* _Problem statement_: Copy exactly the last part of the listing below, beginning at the line that contains "Peter Suchy Collier" and including the final line.
── Source material ──
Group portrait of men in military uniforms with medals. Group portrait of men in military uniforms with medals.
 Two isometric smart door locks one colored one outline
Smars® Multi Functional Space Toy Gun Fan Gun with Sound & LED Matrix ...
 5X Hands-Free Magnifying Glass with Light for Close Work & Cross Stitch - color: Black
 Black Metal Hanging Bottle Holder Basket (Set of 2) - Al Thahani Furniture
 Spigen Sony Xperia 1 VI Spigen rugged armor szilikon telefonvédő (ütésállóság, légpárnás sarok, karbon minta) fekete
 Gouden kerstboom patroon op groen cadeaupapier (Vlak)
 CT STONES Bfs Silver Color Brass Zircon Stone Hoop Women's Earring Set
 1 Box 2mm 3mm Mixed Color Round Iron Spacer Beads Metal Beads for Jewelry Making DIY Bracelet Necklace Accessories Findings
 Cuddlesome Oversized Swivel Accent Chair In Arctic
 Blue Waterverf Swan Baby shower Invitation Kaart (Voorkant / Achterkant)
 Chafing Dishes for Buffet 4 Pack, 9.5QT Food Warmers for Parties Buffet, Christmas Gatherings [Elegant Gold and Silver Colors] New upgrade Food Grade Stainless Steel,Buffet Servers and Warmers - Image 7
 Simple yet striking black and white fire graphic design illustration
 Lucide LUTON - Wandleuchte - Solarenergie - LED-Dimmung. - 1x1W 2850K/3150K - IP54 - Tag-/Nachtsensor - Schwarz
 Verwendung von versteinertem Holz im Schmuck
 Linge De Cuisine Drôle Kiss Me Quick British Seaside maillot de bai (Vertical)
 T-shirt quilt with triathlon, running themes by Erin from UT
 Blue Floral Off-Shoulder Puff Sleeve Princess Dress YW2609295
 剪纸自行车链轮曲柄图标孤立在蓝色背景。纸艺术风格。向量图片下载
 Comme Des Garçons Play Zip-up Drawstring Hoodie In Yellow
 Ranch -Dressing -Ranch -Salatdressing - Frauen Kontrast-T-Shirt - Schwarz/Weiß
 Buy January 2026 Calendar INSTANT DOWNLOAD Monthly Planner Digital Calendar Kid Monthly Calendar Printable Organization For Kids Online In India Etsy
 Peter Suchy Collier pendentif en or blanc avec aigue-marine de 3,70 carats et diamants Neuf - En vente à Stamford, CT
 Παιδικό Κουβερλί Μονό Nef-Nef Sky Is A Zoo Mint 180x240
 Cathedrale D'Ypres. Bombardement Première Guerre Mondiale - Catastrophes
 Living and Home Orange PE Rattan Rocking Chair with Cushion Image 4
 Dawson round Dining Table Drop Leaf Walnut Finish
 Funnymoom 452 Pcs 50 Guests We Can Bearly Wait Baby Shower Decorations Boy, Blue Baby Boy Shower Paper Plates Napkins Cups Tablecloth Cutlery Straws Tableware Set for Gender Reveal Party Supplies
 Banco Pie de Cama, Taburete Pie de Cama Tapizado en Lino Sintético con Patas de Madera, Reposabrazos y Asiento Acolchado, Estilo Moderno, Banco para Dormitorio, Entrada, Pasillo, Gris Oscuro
───
* _Final answer_:
 Peter Suchy Collier pendentif en or blanc avec aigue-marine de 3,70 carats et diamants Neuf - En vente à Stamford, CT
 Παιδικό Κουβερλί Μονό Nef-Nef Sky Is A Zoo Mint 180x240
 Cathedrale D'Ypres. Bombardement Première Guerre Mondiale - Catastrophes
 Living and Home Orange PE Rattan Rocking Chair with Cushion Image 4
 Dawson round Dining Table Drop Leaf Walnut Finish
 Funnymoom 452 Pcs 50 Guests We Can Bearly Wait Baby Shower Decorations Boy, Blue Baby Boy Shower Paper Plates Napkins Cups Tablecloth Cutlery Straws Tableware Set for Gender Reveal Party Supplies
 Banco Pie de Cama, Taburete Pie de Cama Tapizado en Lino Sintético con Patas de Madera, Reposabrazos y Asiento Acolchado, Estilo Moderno, Banco para Dormitorio, Entrada, Pasillo, Gris Oscuro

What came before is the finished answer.